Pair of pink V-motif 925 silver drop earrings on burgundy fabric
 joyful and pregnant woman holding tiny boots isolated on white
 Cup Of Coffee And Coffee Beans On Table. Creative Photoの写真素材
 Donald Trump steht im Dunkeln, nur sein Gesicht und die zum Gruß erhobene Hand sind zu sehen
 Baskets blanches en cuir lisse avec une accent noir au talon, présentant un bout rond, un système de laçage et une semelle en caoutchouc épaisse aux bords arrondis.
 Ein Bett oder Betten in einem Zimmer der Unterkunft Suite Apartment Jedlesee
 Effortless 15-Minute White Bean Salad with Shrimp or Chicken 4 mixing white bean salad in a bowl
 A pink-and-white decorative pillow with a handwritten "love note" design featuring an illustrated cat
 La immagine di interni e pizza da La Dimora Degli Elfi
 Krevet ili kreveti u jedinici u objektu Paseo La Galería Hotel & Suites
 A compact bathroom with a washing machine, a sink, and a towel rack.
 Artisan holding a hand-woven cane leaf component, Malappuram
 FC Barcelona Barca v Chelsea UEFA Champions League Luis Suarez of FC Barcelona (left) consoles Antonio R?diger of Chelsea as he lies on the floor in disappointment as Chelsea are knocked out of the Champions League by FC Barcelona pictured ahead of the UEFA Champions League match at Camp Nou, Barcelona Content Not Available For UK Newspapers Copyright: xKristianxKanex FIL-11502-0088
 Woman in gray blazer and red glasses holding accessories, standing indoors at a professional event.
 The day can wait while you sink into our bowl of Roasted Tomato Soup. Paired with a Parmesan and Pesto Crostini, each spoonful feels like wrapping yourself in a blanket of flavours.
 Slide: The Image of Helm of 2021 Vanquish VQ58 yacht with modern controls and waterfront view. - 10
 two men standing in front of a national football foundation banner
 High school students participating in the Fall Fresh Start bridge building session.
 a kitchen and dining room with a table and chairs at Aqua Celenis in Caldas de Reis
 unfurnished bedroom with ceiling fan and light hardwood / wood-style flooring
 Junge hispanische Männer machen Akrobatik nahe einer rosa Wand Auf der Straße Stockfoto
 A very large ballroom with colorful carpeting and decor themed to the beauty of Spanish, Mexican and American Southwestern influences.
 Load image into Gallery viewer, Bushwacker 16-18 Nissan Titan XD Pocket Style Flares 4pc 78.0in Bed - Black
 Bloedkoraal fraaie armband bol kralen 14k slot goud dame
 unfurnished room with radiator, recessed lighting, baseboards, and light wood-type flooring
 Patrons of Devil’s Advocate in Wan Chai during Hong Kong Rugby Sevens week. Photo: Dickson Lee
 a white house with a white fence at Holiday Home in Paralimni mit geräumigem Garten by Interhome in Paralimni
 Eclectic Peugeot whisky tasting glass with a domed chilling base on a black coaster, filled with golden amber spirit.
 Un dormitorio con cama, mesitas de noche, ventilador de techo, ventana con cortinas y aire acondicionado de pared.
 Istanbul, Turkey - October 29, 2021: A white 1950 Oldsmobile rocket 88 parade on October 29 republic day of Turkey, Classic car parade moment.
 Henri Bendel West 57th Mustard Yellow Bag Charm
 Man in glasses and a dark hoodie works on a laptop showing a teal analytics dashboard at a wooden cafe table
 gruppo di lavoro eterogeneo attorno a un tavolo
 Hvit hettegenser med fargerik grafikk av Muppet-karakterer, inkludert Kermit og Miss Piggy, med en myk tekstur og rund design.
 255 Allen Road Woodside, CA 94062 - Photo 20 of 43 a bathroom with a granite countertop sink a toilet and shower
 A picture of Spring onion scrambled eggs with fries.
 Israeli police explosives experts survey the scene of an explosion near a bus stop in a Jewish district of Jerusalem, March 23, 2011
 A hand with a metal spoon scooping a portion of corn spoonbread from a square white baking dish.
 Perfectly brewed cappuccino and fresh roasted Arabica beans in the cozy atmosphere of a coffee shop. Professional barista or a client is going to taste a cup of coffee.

- [Required action]
Return, in full, every line of these entries that holds "into".

- [Answer section]
 The day can wait while you sink into our bowl of Roasted Tomato Soup. Paired with a Parmesan and Pesto Crostini, each spoonful feels like wrapping yourself in a blanket of flavours.
 Load image into Gallery viewer, Bushwacker 16-18 Nissan Titan XD Pocket Style Flares 4pc 78.0in Bed - Black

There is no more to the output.